No importa el tiempo que pueda tomarme, las horas sin comer ni los segundos que pasan fugaces invitándome a cerrar los ojos y dormir. Conciliar el sueño, pestañando un par de veces, aletargado, hasta que tumbo el cuerpo sobre las hojas que se han marchitado y cayeron suavemente secas para brindarme cobija. Y detenerme es a lo que más le temo.

Cierro los ojos y ya los siento sobre mí. Con sus garras afiladas recorriéndome, amasándome la piel entumecida y con su aliento abofeteándome la oreja, susurrando que todo estará bien. Que no me preocupe, que tiempo al tiempo, y que sana, sana, el dolor se esfumara. Pero nadie se da cuenta de lo que menos necesito es escuchar esa mierda optimista, por lo que me quedo impávido, por cortesía, o porque, en realidad, no sé qué decir ni cómo actuar. Entonces, mejor me quedo luciendo una sonrisa triste, patética, esa línea convexa que se me estampa en los labios como yerra, a fuego lento.
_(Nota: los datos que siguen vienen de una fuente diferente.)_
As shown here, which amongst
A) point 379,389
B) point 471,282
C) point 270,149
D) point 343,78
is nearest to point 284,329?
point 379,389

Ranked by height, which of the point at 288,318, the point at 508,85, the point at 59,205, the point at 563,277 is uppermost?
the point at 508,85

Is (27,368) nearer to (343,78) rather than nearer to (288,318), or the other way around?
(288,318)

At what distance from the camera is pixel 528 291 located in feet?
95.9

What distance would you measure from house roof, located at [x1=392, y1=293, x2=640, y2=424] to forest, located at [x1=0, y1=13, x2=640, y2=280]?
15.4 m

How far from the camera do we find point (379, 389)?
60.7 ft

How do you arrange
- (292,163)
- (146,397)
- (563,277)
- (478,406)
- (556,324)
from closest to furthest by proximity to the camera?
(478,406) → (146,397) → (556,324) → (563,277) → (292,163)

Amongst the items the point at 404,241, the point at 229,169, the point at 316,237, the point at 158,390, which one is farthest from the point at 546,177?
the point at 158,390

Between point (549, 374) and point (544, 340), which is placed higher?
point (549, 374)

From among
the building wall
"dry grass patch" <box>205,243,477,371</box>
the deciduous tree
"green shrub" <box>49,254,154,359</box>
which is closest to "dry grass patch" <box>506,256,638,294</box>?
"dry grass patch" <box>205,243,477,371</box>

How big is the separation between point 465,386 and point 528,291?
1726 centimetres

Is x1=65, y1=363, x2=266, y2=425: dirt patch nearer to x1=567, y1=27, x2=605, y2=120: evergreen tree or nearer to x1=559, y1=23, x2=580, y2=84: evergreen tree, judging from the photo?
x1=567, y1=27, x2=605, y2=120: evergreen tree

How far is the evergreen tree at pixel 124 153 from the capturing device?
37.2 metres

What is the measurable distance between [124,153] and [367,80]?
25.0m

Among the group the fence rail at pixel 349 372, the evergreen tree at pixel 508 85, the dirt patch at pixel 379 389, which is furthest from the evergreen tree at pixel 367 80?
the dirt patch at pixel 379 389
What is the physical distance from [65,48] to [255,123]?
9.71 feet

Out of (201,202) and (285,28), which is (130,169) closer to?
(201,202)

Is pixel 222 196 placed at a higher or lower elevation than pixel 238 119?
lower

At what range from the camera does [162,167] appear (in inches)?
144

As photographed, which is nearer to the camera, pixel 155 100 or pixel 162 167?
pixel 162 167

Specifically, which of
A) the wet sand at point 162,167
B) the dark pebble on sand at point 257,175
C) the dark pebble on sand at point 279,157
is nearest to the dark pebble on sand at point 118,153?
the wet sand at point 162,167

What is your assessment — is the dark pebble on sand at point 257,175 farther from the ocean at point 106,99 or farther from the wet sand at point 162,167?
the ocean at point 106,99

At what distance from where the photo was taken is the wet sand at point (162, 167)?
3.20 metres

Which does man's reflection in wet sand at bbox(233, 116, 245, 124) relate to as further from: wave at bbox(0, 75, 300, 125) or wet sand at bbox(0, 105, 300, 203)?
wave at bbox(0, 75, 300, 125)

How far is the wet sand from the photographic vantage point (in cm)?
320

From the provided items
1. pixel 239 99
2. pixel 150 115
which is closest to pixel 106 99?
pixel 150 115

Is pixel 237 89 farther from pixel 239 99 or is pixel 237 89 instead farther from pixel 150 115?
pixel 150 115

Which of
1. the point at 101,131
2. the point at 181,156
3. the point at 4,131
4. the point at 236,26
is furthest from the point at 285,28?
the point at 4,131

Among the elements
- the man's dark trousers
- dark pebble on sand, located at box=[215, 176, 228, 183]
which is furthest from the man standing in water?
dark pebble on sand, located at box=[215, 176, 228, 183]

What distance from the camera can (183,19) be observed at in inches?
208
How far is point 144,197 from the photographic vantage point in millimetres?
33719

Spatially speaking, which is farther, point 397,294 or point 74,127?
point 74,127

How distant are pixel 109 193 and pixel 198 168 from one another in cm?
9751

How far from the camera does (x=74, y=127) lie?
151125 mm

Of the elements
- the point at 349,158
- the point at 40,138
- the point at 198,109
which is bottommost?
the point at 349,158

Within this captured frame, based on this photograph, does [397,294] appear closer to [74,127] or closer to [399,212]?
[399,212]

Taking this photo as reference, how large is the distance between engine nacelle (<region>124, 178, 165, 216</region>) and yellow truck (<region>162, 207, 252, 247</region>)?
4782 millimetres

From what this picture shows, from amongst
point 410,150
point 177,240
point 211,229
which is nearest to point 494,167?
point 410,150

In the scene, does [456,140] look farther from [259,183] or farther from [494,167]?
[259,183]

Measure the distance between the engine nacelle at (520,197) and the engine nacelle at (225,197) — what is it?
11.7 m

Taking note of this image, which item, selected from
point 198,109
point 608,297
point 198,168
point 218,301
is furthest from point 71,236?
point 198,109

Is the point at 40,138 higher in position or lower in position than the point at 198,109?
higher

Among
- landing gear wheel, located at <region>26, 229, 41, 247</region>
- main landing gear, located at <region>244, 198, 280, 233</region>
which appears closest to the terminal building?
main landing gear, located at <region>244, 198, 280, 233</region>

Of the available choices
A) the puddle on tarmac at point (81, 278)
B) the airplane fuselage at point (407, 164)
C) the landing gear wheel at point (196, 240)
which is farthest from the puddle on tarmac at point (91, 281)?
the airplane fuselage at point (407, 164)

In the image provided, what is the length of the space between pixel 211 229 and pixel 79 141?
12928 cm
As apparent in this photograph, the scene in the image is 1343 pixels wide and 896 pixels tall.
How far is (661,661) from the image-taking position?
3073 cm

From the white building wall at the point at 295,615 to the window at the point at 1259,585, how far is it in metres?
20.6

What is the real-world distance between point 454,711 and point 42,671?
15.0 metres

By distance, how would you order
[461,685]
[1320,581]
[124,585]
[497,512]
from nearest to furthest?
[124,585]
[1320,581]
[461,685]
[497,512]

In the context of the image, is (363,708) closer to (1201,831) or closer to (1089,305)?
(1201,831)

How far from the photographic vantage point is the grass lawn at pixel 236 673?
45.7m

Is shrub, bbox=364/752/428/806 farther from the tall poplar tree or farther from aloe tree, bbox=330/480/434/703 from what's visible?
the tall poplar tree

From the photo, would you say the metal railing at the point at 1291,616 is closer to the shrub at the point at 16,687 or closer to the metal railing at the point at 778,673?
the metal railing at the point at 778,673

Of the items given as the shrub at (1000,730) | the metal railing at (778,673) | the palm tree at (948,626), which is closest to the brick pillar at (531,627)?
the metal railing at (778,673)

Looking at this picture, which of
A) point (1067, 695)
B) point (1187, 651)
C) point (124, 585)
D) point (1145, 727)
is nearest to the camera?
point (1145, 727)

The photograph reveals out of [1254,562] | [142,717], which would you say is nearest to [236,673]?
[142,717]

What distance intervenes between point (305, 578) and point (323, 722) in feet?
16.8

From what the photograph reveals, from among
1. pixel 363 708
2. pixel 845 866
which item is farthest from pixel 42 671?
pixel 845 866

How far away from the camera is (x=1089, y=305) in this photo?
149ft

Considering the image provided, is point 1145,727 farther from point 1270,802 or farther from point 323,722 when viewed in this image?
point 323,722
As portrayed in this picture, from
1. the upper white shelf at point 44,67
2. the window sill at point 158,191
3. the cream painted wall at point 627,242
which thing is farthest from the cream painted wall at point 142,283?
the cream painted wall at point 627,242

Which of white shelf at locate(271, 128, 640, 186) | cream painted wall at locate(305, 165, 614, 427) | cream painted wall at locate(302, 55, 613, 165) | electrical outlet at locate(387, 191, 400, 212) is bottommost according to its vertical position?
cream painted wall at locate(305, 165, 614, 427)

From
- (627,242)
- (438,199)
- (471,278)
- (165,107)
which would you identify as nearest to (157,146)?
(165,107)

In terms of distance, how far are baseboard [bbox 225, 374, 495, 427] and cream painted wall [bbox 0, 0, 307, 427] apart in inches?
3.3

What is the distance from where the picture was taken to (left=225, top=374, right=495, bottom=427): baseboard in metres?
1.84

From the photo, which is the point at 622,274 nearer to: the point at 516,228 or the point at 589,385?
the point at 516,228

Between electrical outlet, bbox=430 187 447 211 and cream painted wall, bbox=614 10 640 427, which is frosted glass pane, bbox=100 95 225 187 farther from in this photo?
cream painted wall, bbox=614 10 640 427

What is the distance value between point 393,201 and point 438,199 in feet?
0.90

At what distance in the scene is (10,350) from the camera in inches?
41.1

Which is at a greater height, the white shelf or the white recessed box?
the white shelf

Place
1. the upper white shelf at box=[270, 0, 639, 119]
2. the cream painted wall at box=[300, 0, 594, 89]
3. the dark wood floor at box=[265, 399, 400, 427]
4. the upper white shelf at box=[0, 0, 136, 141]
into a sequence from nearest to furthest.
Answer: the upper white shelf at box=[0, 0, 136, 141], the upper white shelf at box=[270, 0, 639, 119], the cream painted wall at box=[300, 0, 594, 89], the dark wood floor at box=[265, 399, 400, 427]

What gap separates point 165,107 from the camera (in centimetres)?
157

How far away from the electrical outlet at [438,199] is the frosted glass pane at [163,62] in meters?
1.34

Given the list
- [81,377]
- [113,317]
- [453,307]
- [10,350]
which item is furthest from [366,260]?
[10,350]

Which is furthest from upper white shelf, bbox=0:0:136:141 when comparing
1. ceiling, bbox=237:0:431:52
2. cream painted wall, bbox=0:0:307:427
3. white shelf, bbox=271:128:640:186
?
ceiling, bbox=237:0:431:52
Y me aguanto. Le imploro a la lagrima que amenaza por escapárseme del rabillo del ojo izquierdo, pidiéndole fervientemente que me aguante un segundo para zafarme del escrutinio público y me prometo que, después, en la intimidad de mi soledad, podré llorar a destajo y con calma.

Recae mi peso sobre mis caderas y las patas se fatigan con cada paso que intento dar solo porque sí. Por inercia. Y sé que necesito parar un poco para beber del agua de alguna fuente o del arroyo que va cuesta abajo, porque la sed me escuece la garganta, y me quedo inmerso escuchando la tenue melodía del agua que fluye como una nana, una canción de cuna que me arrulla y apaga todos mis sentidos, hasta que me vuelvo a dormir.

De la faz de la Tierra, mientras todo dormía, el cielo se incendió en segundos de un rojizo que se tornó anaranjado y culminó esfumándose tras tintes violáceos que invitaron a las nubes grises para esconder el alba. No hubo gritos ni un escandaloso cataclismo. Sucedió en absoluto silencio, como el más grande de los misterios o el más sucio de los secretos. Y todo es más oscuro cuando está a punto de amanecer, recito, casi como un consuelo, convencido de que ya hubiera pasado lo peor, pero eso lo decido yo.

Un aullido vuelve a despertarme o, tal vez, fueron los latidos del corazón que me dio un vuelco. De cualquier manera, corro a través de la penumbra como si no hubiera un mañana, y quizá no lo haya, a menos que llegue hasta la cima de la montaña más alta, diciéndome que, cuando el siniestro venga para devorarnos, anunciando con las cenizas del fin de los tiempos, voy a deshacerme en aullidos hasta que de mí no quede nada más que un insondable silencio.    

Y esa es la razón por la que corro, sueño, me angustio, recurro a la calma y al apoyo de quienes me aman, para que, cuando me brinde una pausa, un respiro, valga la pena el cansancio, el dolor, el tiempo invertido. Lo que realmente importa es el trayecto. El proceso. No es la meta, sino todo lo que vivido. Y sé que ya no quiero huir. A pesar del dolor, quiero seguir presente.